Kerala’s performing arts are most famous for the costumes of Kathakali and Kutiyattam with their large colourful headdresses and brightly painted faces. Facial expression is vital because no words are spoken but the actors tell the story through dance. The distinct make up highlights these facial expressions and determine the characters: Paccha (hero) have a green face, while Kathi have green with a red and white pattern across their cheeks and nose, and Kari (demonesses) have black faces with red cheeks and chin. Tati are the bearded characters, such as Hanuman (the monkey god) who is Vellattati (white bearded). Most characters also have a chutti which is made from stiff white paper glued to the face with a rice paste to outline the face and highlight the expressions.
The costume students at KK are taught how to make and repair the entire repertoire of Kathakali and Kutiyattam costumes. It takes hours to prepare an actor for their performance with the make up alone taking up to 3 hours attracting audience members to watch in the green room. Kutiyattam costumes have many accessories: armlets, bracelets, a kutalharam (a wooden panel hanging from the waist) and a …………. which wraps around the shoulders and waist. In the past all of this was made from silver and adorned with precious gems which was incredibly heavy and expensive, therefore modern day accessories are made from a light weight wood known as kumizh, covered in gold foil and colourful plastic gems. Even so, the Kathakali and Kutiyattam costumes can weigh 10-12kg! The Kathakali students say this weight can cause back and neck pain but it is eased with the oil massages.

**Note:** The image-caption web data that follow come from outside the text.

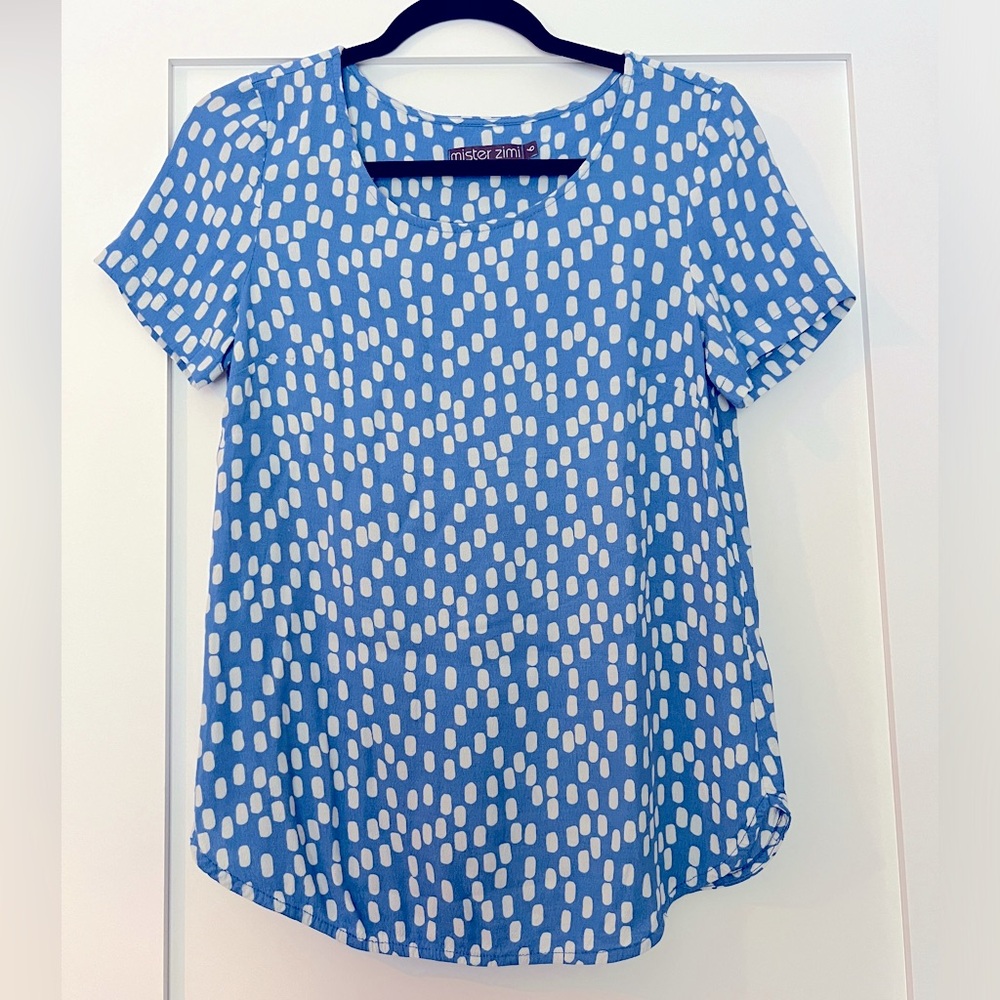 Mister Zimi Light-blue and White dots short sleeved blouse, Size AU 6 (US 2)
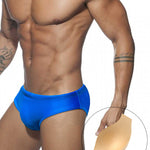 Men's Seamless Comfort Solid Color Shiny Swim Briefs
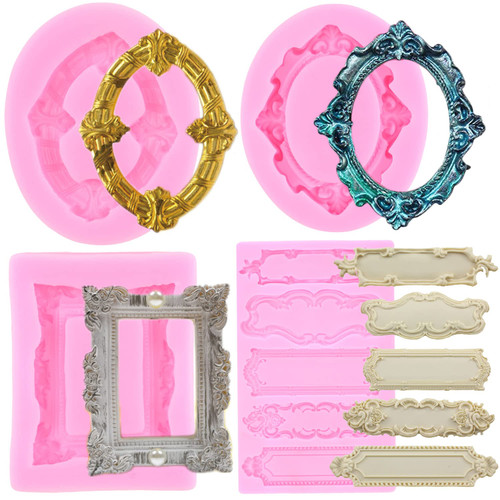 MYPRACS Photo Frame Silicone Mold Baroque Style Picture Frame Fondant Mold Vintage Frame Molds For Cake Decorating Cupcake Topper Candy Polymer Clay Chocolate Gum Paste Set Of 4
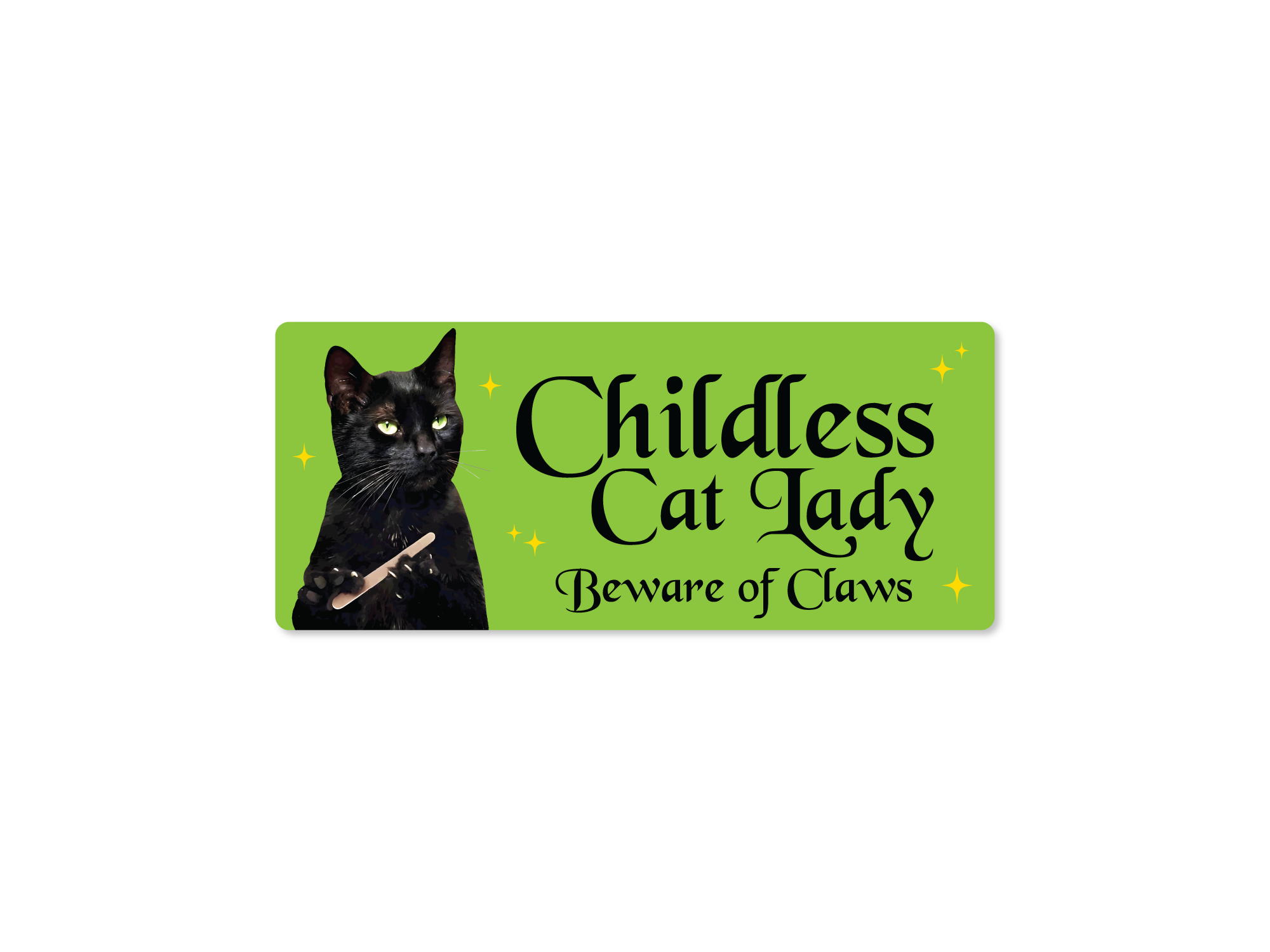Sticker with a black cat illustration and text 'Childless Cat Lady Beware of Claws' on a green background.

The Kerala performing arts have their roots in the Sanskrit theatre written in about 200 BC in the Natyasastra. They have been developing ever since but the masters safe guarding the arts are attempting to limit any evolution to maintain the meaning and spirituality associated with almost all Indian performing arts. Therefore very few of the KK students have studied other styles to avoid ‘pollution’. On the 18th I will be attending a traditional Kathakali performance in Kalamandalam’s N…………… running from 8pm until dawn which will be the first time I actually see the students in full costume, I am so excited!!